This redefinition of childhood was at the heart of the project of the folkhem. As Bengt Sandin puts it, “the meaning of childhood was intimately associated with the welfare organization being created” (114). The concept of the competent child can thus be read as a reflection of the strong emphasis put by the ideology of the folkhem on the idea of a direct alliance between the individual and the state: the individual had to break loose from his traditional network of social relations and become a full citizen; in Orvar Löfgren’s words, “the new Welfare state should be populated by modern individuals, who have though to learn to exercise their freedom with a high degree of social responsibility.”3

It is my opinion that the story of Ulf and Percy, at least in the first two parts of Stark’s trilogy, can be read against the backdrop of the egalitarian ideology of the folkhem, and as a reflection on and a critical evaluation of precisely the ideal of the competent child, as their freedom, their agency and their personal development are still limited by the class differences the Swedish model aimed at removing.

As a matter of fact, ideology is far from foreign to children’s literature (see for example Sarland; Hunt). In children’s books, however, ideology often appears in a covert manner, both through a text’s linguistic features and its use of narrative elements, such as narrator and point of view (McCallum and Stephens 361–362). Therefore, before proceeding to examining how Stark questions the ideology of the folkhem, I deem it necessary to take a brief look at the novels’ narrative structure, in order to fully grasp Stark’s approach to the matters at hand.

Some Remarks on Narrative Structures

As mentioned above, both Shoes and Sheik are set in 1950s Stockholm. If we follow Andrea Schwenke Wyile’s categorization of first personal narratives in children’s literature – based on the temporal distance between the narrated events and the act of narrating, and on the level of engagement prompted by the text – we could consider Stark’s trilogy as an example of “distant-engaging-narration” (185): that is, a kind of narration that adheres to the focalizer’s point of view but that employs a narrator speaking from a later moment in time. However, while the spatial setting is described in great detail, no explicit chronological coordinates are given: yet, the temporal frame of the novels can be inferred from more or less covert references to historical and political events (for example Tage Erlander being Sweden’s Prime Minister), from cultural objects and phenomena typical of 1950s Sweden (such as the music people listen to), and from remarks such as “[w]e were always in a hurry back then” (Stark, Shoes 1, my emphasis).

The same effect of temporal distance is also brought about by the retrospective style adopted by Stark and by the “autobiographical pact” the trilogy elicits. Not only is the main character Ulf’s last name Stark,4 but both Shoes and Buffalo are first-person narratives told in the past tense, prompting the reader to believe that the character, the narrator and the author are the same person. By contrast, despite the first-person possessive “my” which reappears in the title, Sheik is told through a third-person narrator.
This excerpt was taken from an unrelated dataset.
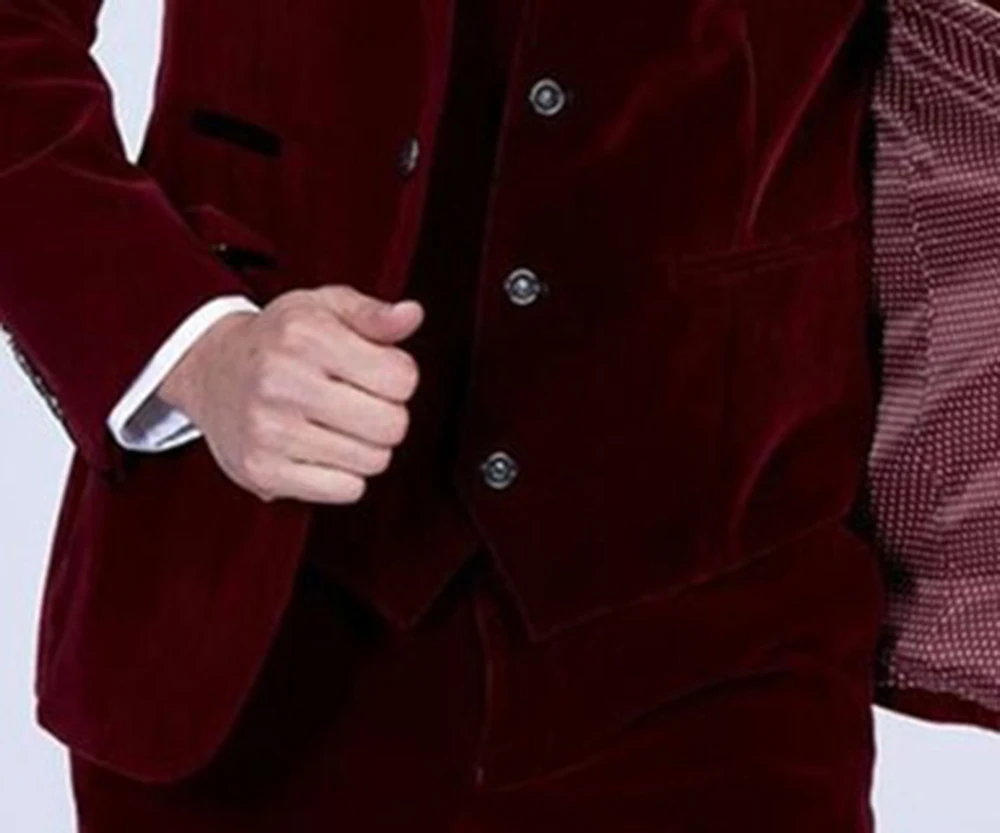 Men's Velvet Suit 2 Pieces Casual Lapel Groom Slim Fit Tuxedos Blazer Pant Set Warm Winter 2020 New Fashion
However, this choice – especially when we read all three novels as a whole – does not completely undermine the feeling that we are dealing with an adult narrator evoking (at least in part) his own childhood memories.5

The temporal distance between Ulf’s adventures and the narrator is further amplified by Stark’s use of irony: commenting on the role of the narrator in first-person young adult fiction, and on the role of irony in this kind of narration, Wyile states that often “[i]n looking back on their youth, older narrators present their lack of experience with an irony fine-tuned by hindsight” (186). This is precisely what happens in Stark’s novels, where Ulf’s often naive point of view is that of a child of the 1950s, but is presented to the reader by an arguably older and wiser narrator.
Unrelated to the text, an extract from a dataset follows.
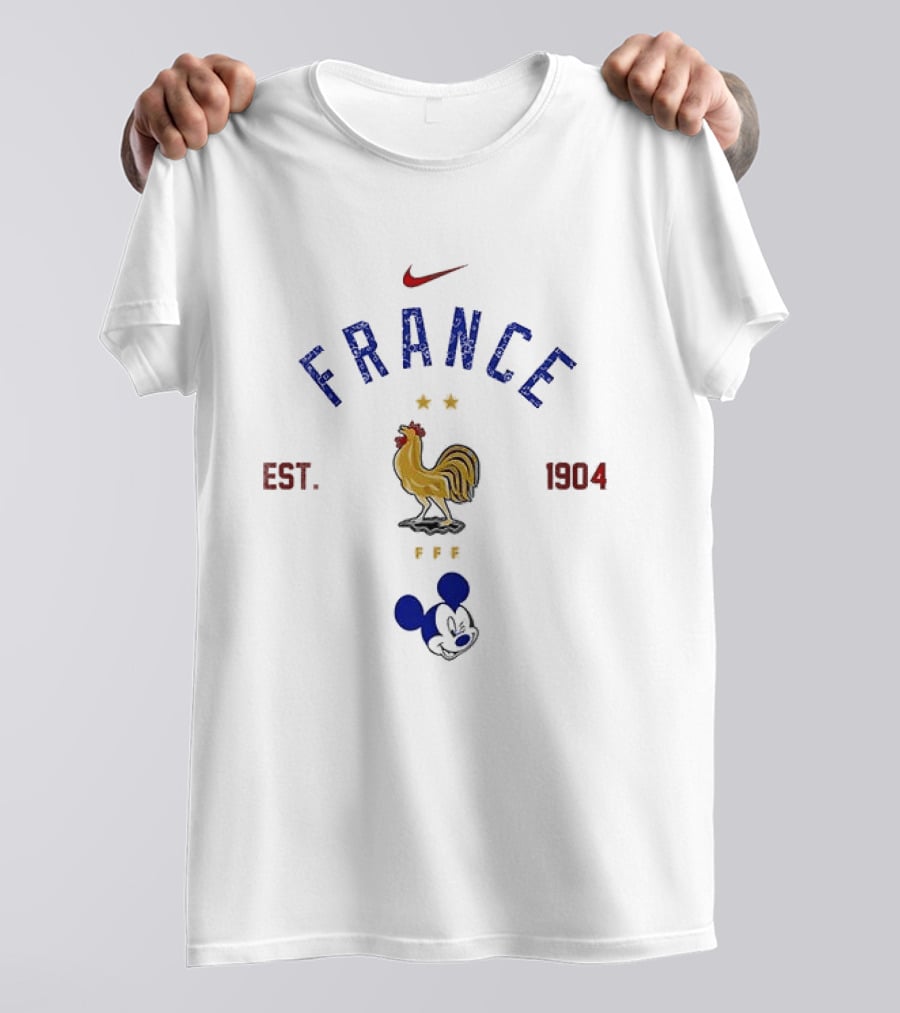 France Mickey Mouse Soccer Rooster Est 1904 Nike T-Shirt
This “double perspective” also applies to the ideological frame through which Ulf sees the world: while Ulf’s point of view is fully imbued with the ideals that were at the basis of the Swedish model, the narrator seems to adopt a retrospective critical and ironic gaze which reveals the contradictions and the limits of that model.

As Magdalena Żmuda-Trzebiatowska points out, several 1990s coming-of-age novels look back at the origins of the Swedish welfare state with a mix of nostalgia and criticism, stressing both the utopian promises of the folkhem and its shortcomings (“Styvbarnen”; “Myten”). Though aimed at a younger audience than Żmuda-Trzebiatowska’s examples, Shoes and Sheik in particular do precisely the same: by retrospectively evoking his alter-ego Ulf’s formative years, Stark creates, at first sight, a sort of universal childhood world to which all children can relate; at the same time, however, scattering clues throughout the text that anchor his narrative world in a precise social context, he encourages the informed reader to engage the ideals of the 1950s with the hindsight of the 1990s.

The same contrast between an enthusiastic and a critical approach to the Swedish model can be perceived in the gulf that separates Ulf and Percy. While the former’s apparently egalitarian and class-blind gaze seems to be informed by the ideology of the folkhem, the latter shows a much more pragmatical – almost cynical – approach to reality. Percy’s presence (much like the narrator’s hindsight) offers a constant counter-narrative to the main character’s perspective.

Ulf and Percy: Two (Almost) Competent Children

As we have seen, the “competent child” was one of the central concepts within the redefinition of childhood that took place within the ideological framework of the folkhem. As Åse Marie Ommundsen writes:

The competent children depicted in children’s literature act as autonomous, active, robust, and responsible figures[.] […] This picture of the competent child contrasts with the notion of children as innocent, inexperienced, powerless, vulnerable, ignorant, dependent, and immature human beings. (Ommundsen)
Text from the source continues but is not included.